The top Washington photographer for the Associated Press (AP) told a judge on Thursday the White House’s ban on its staffers was crippling the outlet.
“It’s hurting us big time,” AP photographer Evan Vucci said during a court hearing Thursday, according to CNN. “We’re basically dead in the water on major news stories.”
In February, the Trump administration barred the AP from the White House press pool and Air Force One over its decision to use “Gulf of Mexico” even after President Donald Trump changed the name to “Gulf of America,” which the organization said was necessary to cater to its global audience.

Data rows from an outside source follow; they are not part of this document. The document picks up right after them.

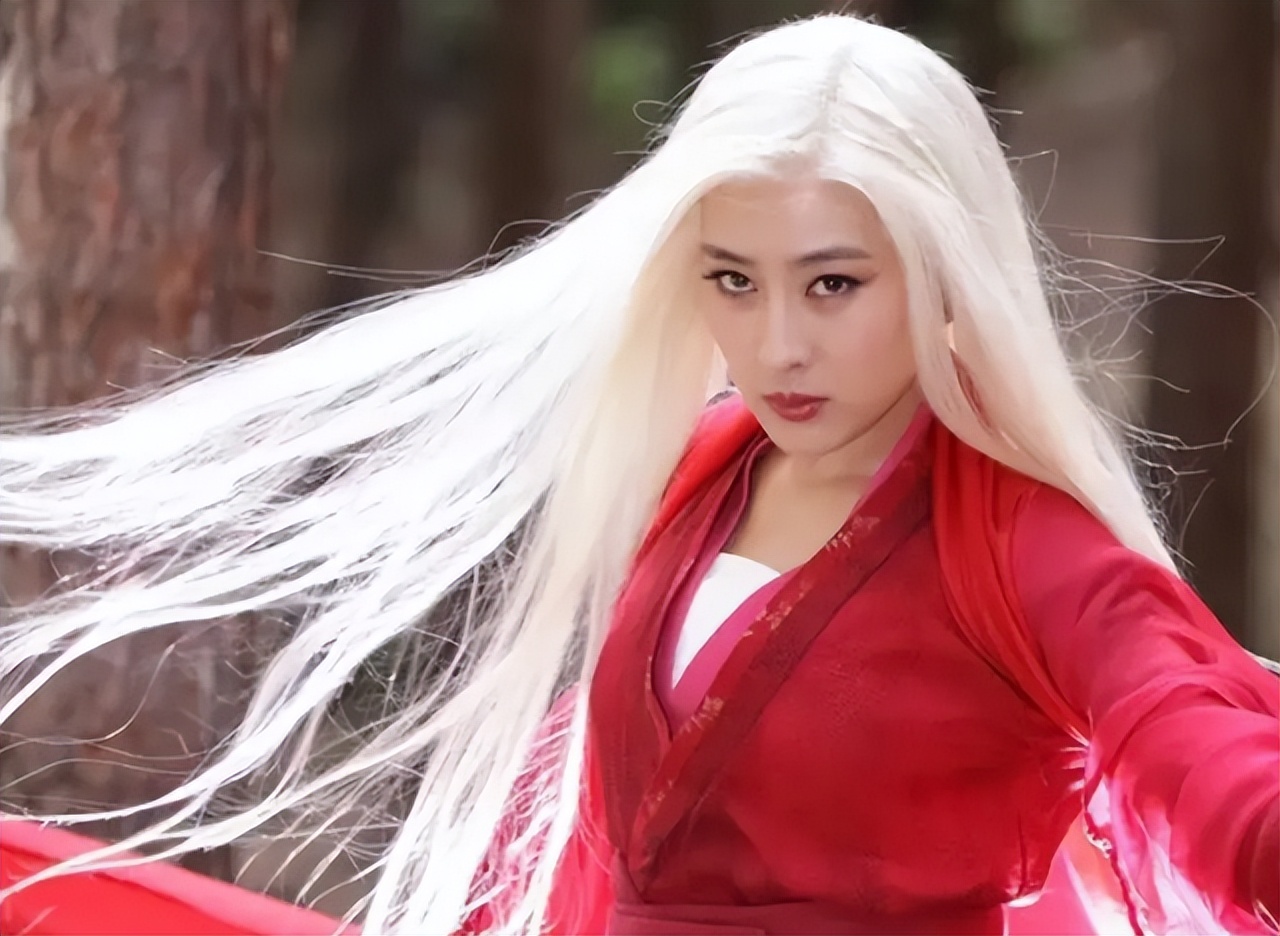 练霓裳一夜白发几个版本,练霓裳扮演玉罗刹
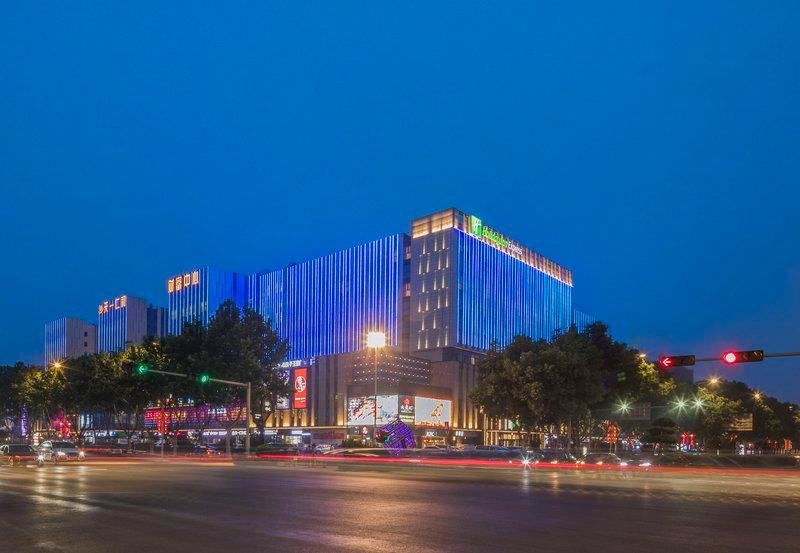 Люкс Holiday Inn Express Qingdao Chengyang Central, an IHG Hotel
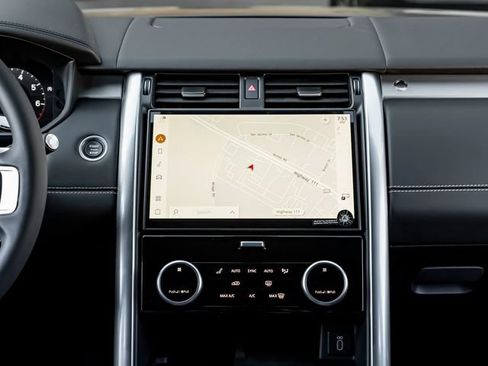 New 2026 Land Rover Discovery Limited Edition AWD/4WD image 20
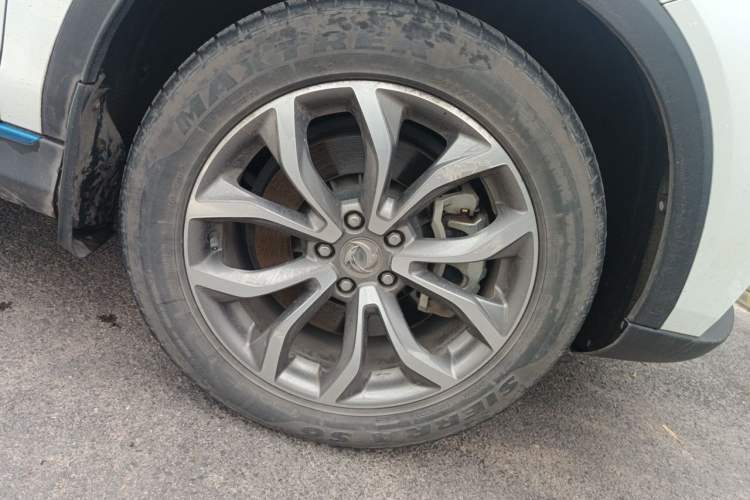 Used Dongfeng Fengon E3 2019 EVR Extended-Range Luxury Model Right Front Wheel Hub
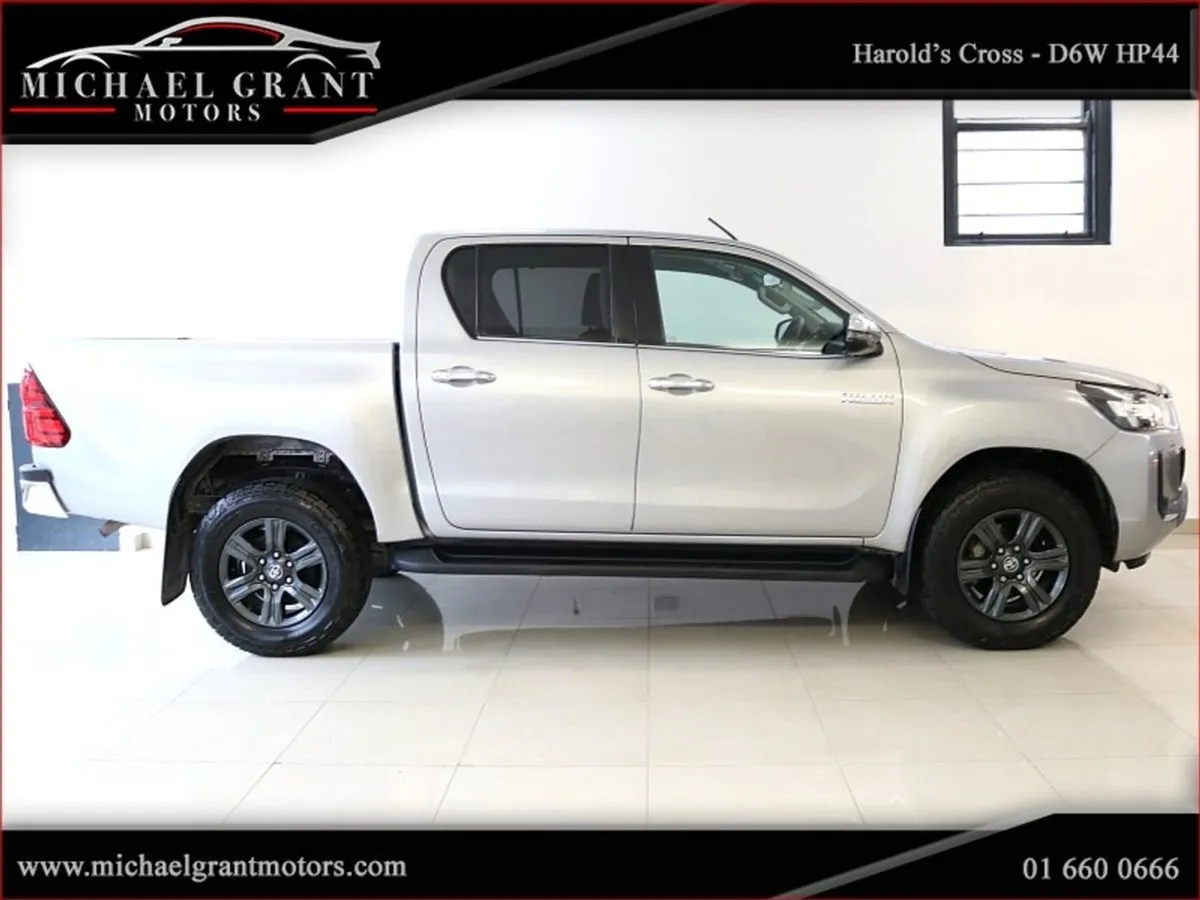 Toyota HiLux Icon Dcab 4WD 4DR Crew CAB Pick UP T - Image 4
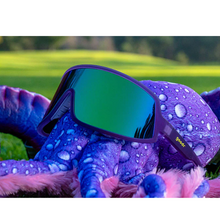 Óculos de sol roxo unissex com armação máscara e lente única verde espelhada, polarizada com proteção UV400. O acessório é leve, confortável e não escorrega ou pula no rosto ao realizar esportes.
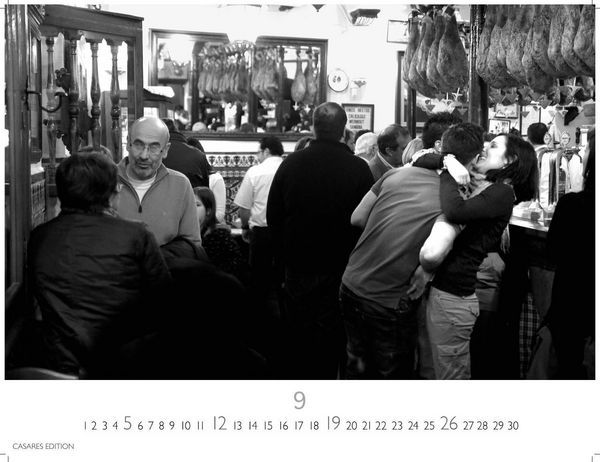 Produktbild: Tapas y Vino Kalender 2027 &ndash; Wandkalender | Fotokalender Spanien 42x55 cm- Fotokunstkalender schwarz-weiss mit Motiven aus Spanischen Bars.
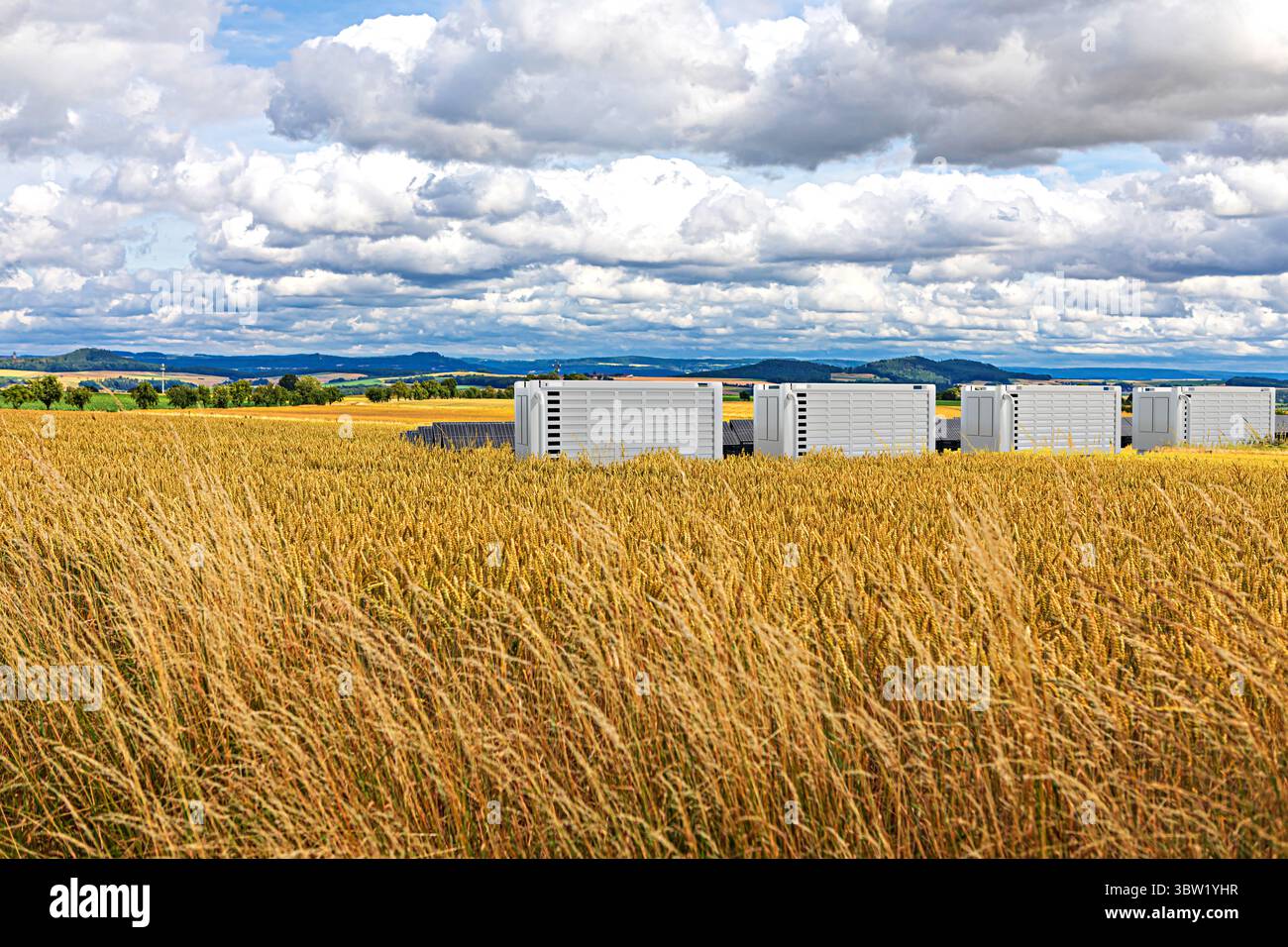 Ein modernes Solarfeld mit Batteriespeicher in der Natur Stockfoto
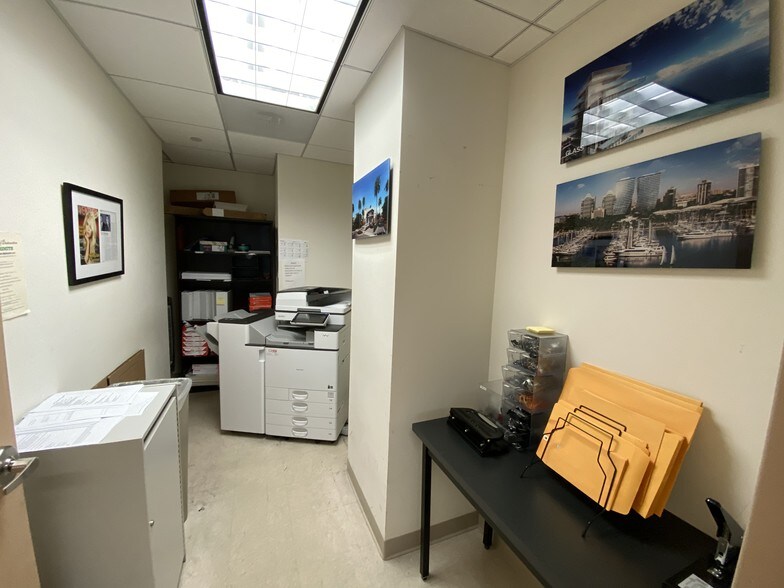 More Photos Of 2665 S Bayshore Dr, Coconut Grove Office For Lease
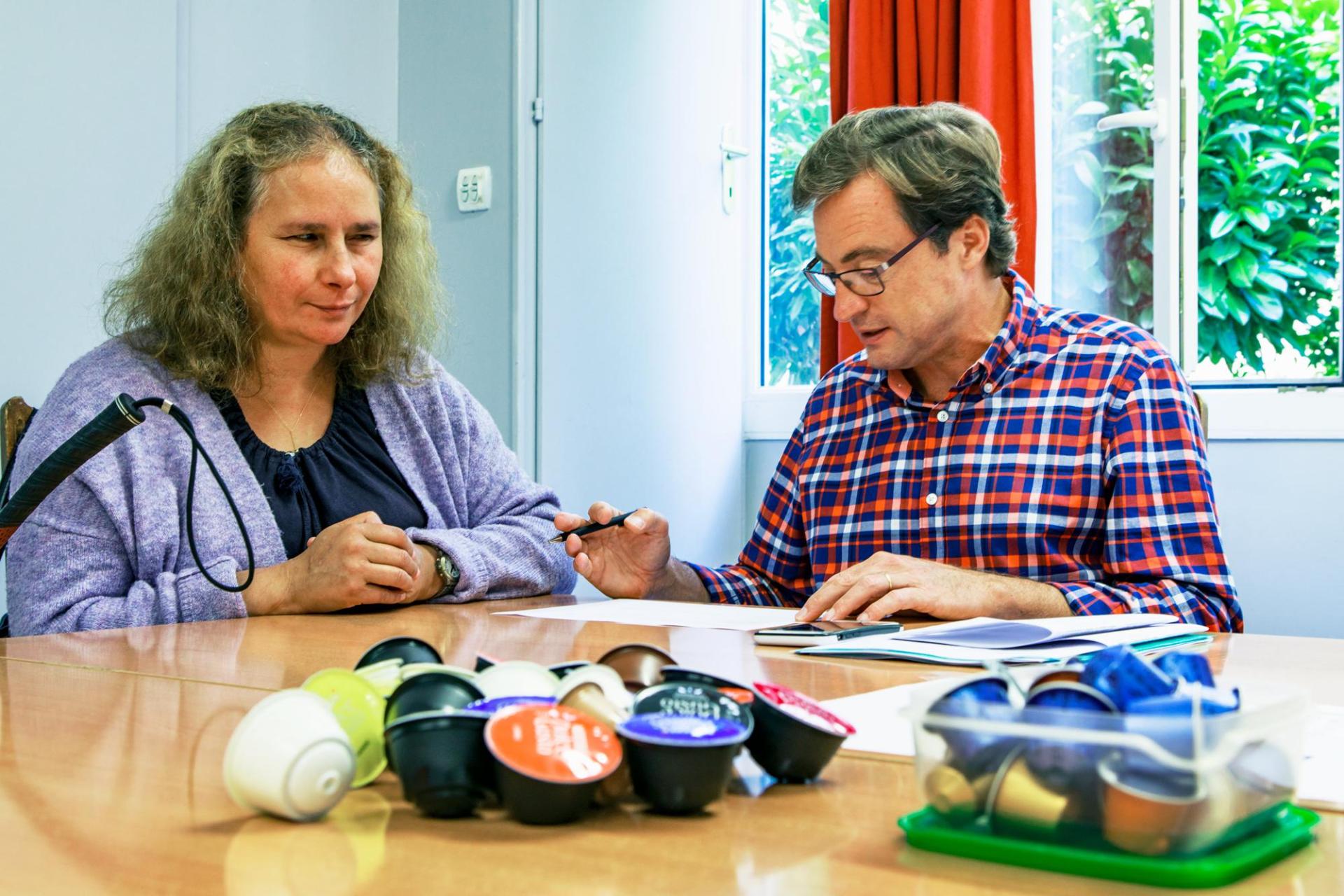 Une femme en situation de handicap discute avec un homme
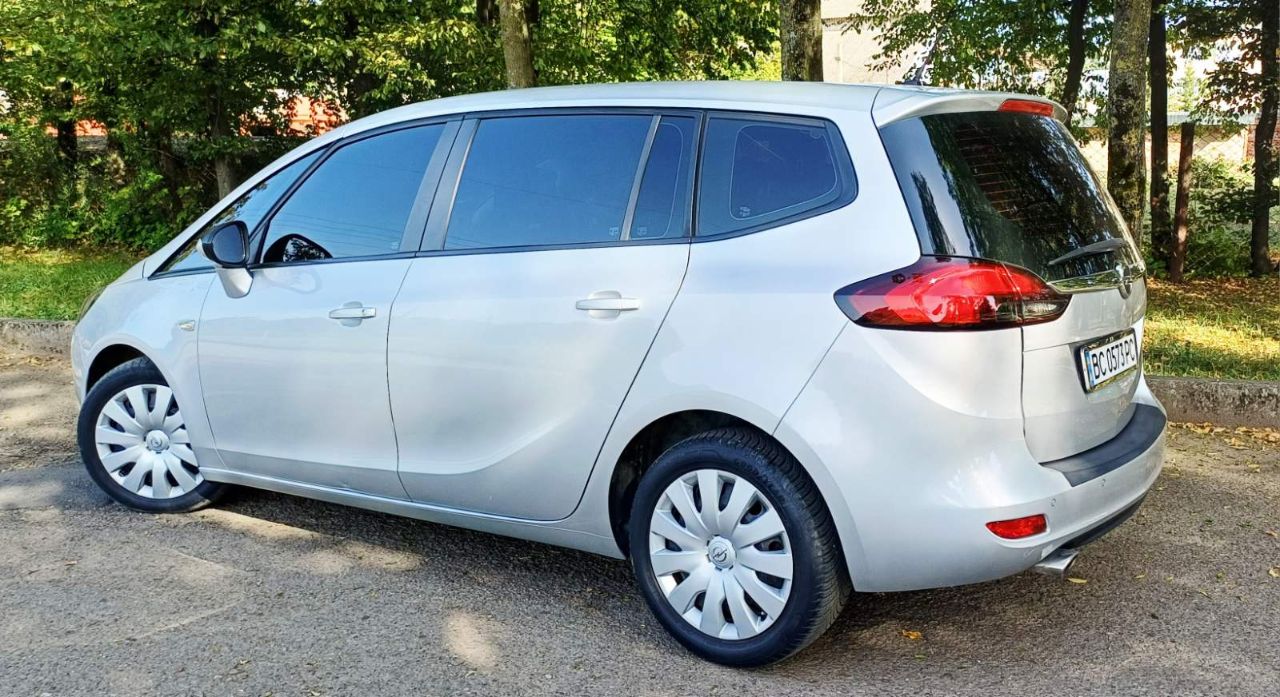 Opel Zafira - фото 17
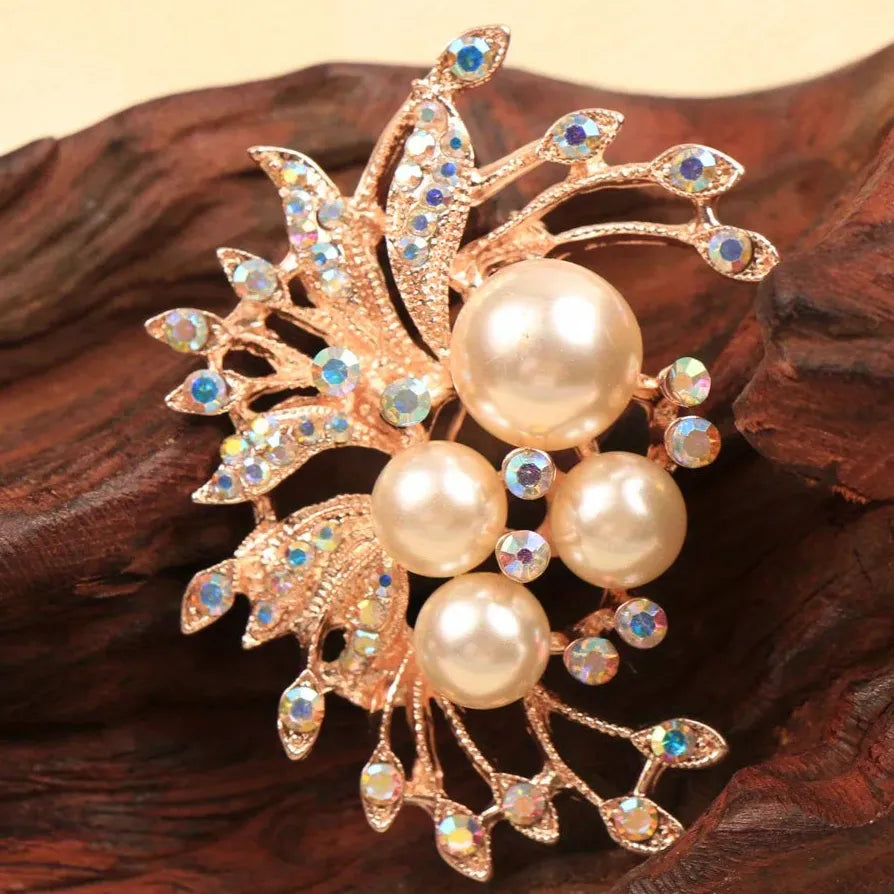 Vintage Classic Flower Brooch Pin Elegant Jewelry Gift for Men Women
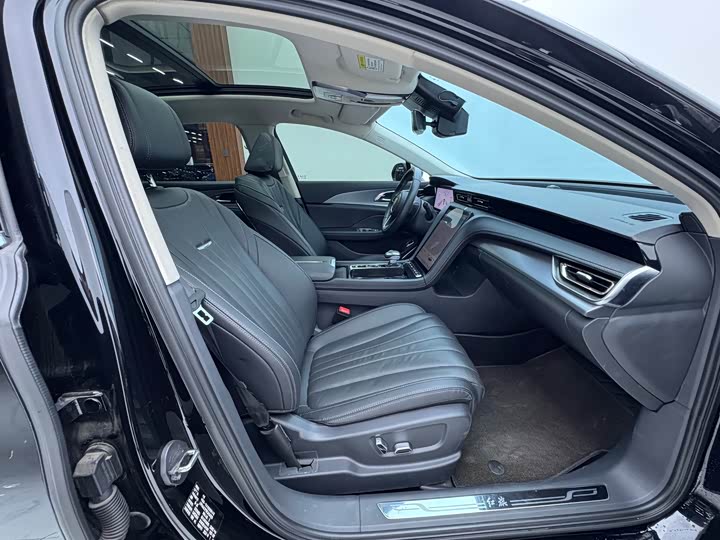 Фото 9 - Hongqi H5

In response, the AP filed suit against White House Chief of Staff Susie Wiles, Deputy Chief of Staff Trevor Budowich, and Press Secretary Karoline Leavitt.
Vucci said during Thursday’s hearing that the AP had to rely on a foreign photographer with less experience to cover Trump’s contentious meeting with Ukrainian President Volodymyr Zelensky.
“We just absolutely got slammed in the play,” Vucci said, according to CNN. “We got destroyed.”
Vucci was the photographer who took the widely circulated photograph of Trump after last year’s assassination attempt in Butler, Pennsylvania.

Vucci also cast doubt on Thursday on Budowich’s assertion in a sworn declaration this week that the White House has laid out a detailed process for choosing which outlets are included in the daily press pool.
“There’s no rhyme or reason,” he said. “I don’t think anyone knows.”
The AP’s photos reach 4 billion people across the globe, Vucci noted in his testimony.
“Associated Press photographers are the gold standard,” he said. “It’s awful.”
Under questioning by a Justice Department attorney, Vucci couldn’t say whether the AP was harmed financially by the weekslong ban, saying that did not fall under his purview.
Zeke Miller, the AP’s chief White House correspondent, testified that he believed reporters from other outlets were “softening” their questions to the White House in light of the ban on AP staffers.
Since it is their pool reports the AP is now forced to rely on, Miller said, he didn’t know what may end up omitted from their recaps.
“We don’t know what we’re missing out on,” he said, according to CNN.
AP executive editor Julie Pace wrote in a Wall Street Journal op-ed on Wednesday that the ban represented a larger quest by the government to censor free speech.
“For anyone who thinks the Associated Press’s lawsuit against President Trump’s White House is about the name of a body of water, think bigger,” she wrote. “It’s really about whether the government can control what you say.”